I think those are generally just six of the best funded, most renowned universities I'm the nation, so you'll probably see the "top 5" for most fields in general just be 5 of some set of 10 schools.

Studentmath

Morning..

Ted Shifrin

04:17

Ah, done slumbering, @Studentmath?

Studentmath

Yeah, it flows well once again

No idea what I had, was so odd, everything went wrong :P

Ted Shifrin

LOL ... Not a catastrophe, nor a dogmatic failure. :)

Studentmath

Fortunately - or rather hopefully :)

AndrewG

hey @Ted, random topology question. Suppose I wanted to construct a surface, embeddable in $\mathbb{R}^3$, with fundamental group $\mathbb{Z}_2$. Only thing I can think of is the real projective plane but that's not embeddable.

Ted Shifrin

Every compact surface without boundary in $\Bbb R^3$ must be orientable.

Can't happen, by classification of surfaces. @Mike can crank universal coeff theorems:

AndrewG

04:21

So it's not possible

K

Studentmath

Also seems what I thought to be conditional yesterday is actually multipication

Bananarama

Here is the inequality I told you about

Ted Shifrin

Multiplication? @Studentmath ... You mean "and"?

Studentmath

Yes

Ted Shifrin

Get back to me when I'm teaching probability in a few months :)

Bananarama

04:25

let $n$ be a positive integer and let $a_1,a_2\dots a_n\in \mathbb R$ with $a_1+a_2\dots a_k\leq k$ for $k=1,2\dots n$ prove $\frac{a_1}{1}+\frac{a_2}{2}\dots\frac{a_n}{n}\leq \frac{1}{1}+\frac{1}{2}\dots \frac{1}{n}$

Studentmath

The probability of $Y_{(1)}<3Y_{(2)}$ requires two simultaneous conditions

When will that be?

Ted Shifrin

Ok, night, all ...

Mike Miller

@TedShifrin It's obviously not the case for closed surfaces by classification. The question for non-closed surfaces isn't obvious to me, though don't spoil it.

AndrewG

Later @Ted

skullpatrol

Later Professor

Studentmath

04:26

Good night Prof. @Ted

Parth Kohli

@skullpatrol Hi.

AndrewG

I love this place. Ask a question, and you get plenty to google and read about.

Mike Miller

I think I might have an answer @AndrewG but it's probably needlessly high-powered... let me fiddle with it a little more

Kevin Driscoll

This chat was made as a battfield to test the effects of nuclear mathematics on mosquito sized problems

4

Mike Miller

nope, argument doesn't work.

AndrewG

04:40

Darn :| what were you trying though? curious but probably won't understand

I've never taken topology beyond point-set, so I'm reading about classification of surfaces right now.

Mike Miller

Classification of surfaces is awesome! It's one of the things that convinced me combinatorics wasn't so bad after all, since it's essentially a combinatorial argument.
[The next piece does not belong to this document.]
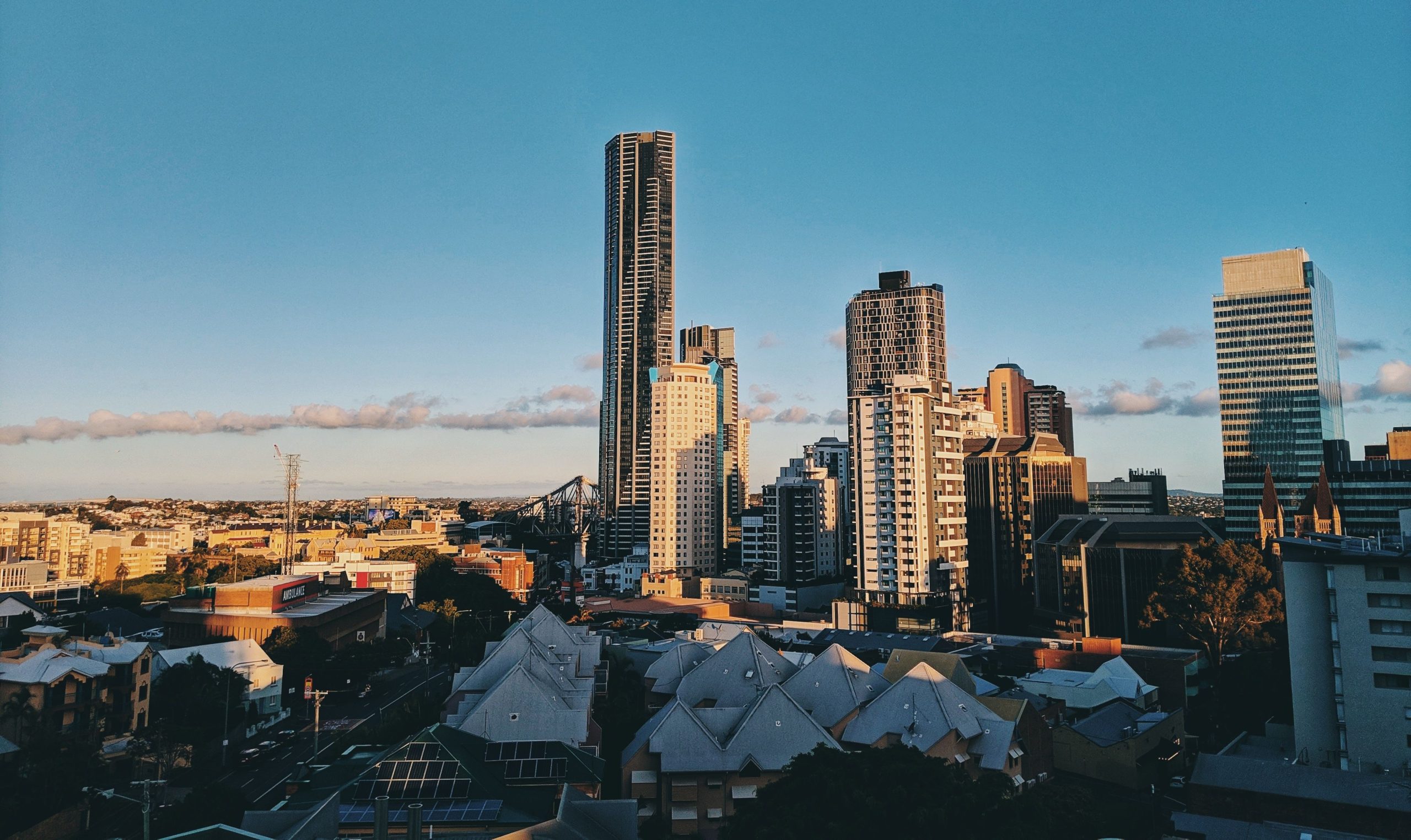 Brisbane city skyline with high-rise buildings and urban rooftops under a clear blue sky at golden hour.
@AndrewG I wanted to start with a surface embedded into $S^3$ and use Alexander duality to show that its complement would have first homology = $\mathbb Z_2$ (this is the first place it fails) and then say that the complement would be an open subset of $S^3$ (also not true) and then that the first homology of an orientable manifold has no torsion in $H_1$ (also not true).
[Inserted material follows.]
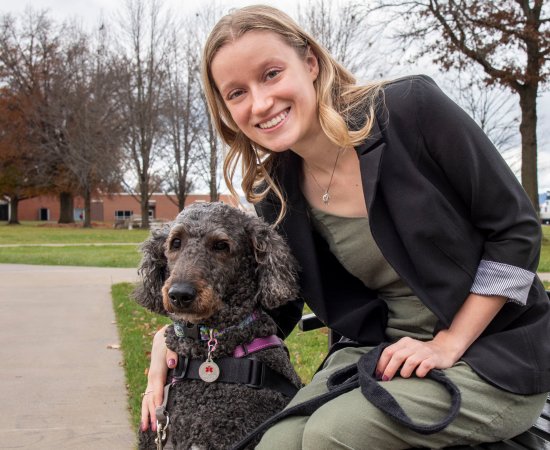 Young woman with blond hair wearing a black blazer and green shirt sits on a bench on campus with her arm around a black dog.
So I wanted to use one bogus argument and three false facts.

AndrewG

@MikeMiller That's the best way to prove things, though.
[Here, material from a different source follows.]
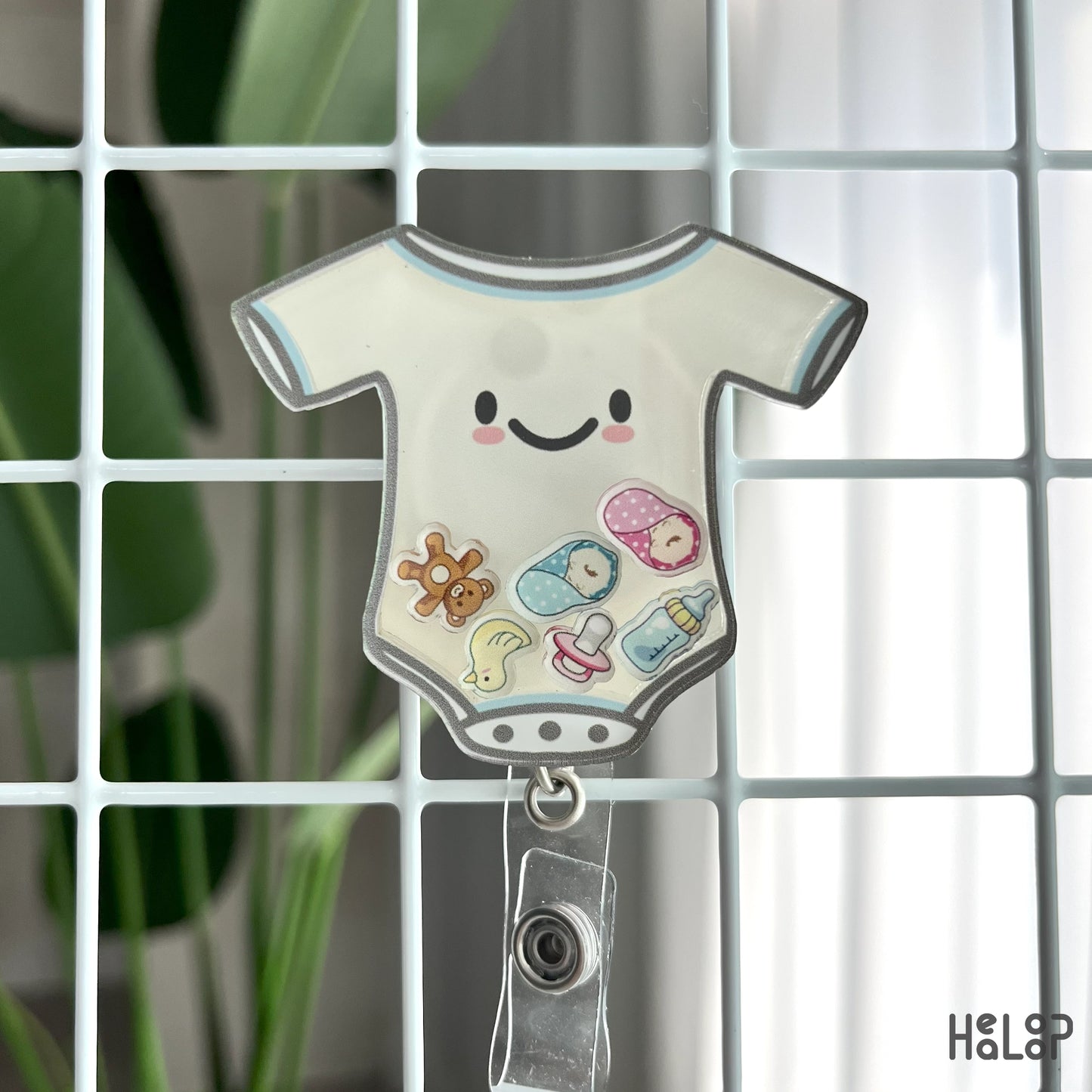 NICU baby onesie shaker badge reel displayed on wire grid, retractable ID holder for nurses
Yep, way over my head, but more to look up, at least.

Kevin Driscoll

Haha if you removed your admissions that these things are untrue you couldve successfully pulled off a proof by intimidation

Mike Miller

Anyway, one can have closed orientable manifolds that have fundamental group $\mathbb Z_2$. They just can't embed into $\mathbb R^3$.

I just don't know how to show they can't embed into $\mathbb R^3$ yet :p

AndrewG

Heh

Studentmath

04:55

Is there a way to put a cross on something written on the forums?

I.e. a line through

David Kirby

There's no markdown for it, but the HTML tags are allowed, like <strike>this</strike> or <s>this</s> or <del>this</del>

371

Q: What HTML tags are allowed on Stack Exchange sites?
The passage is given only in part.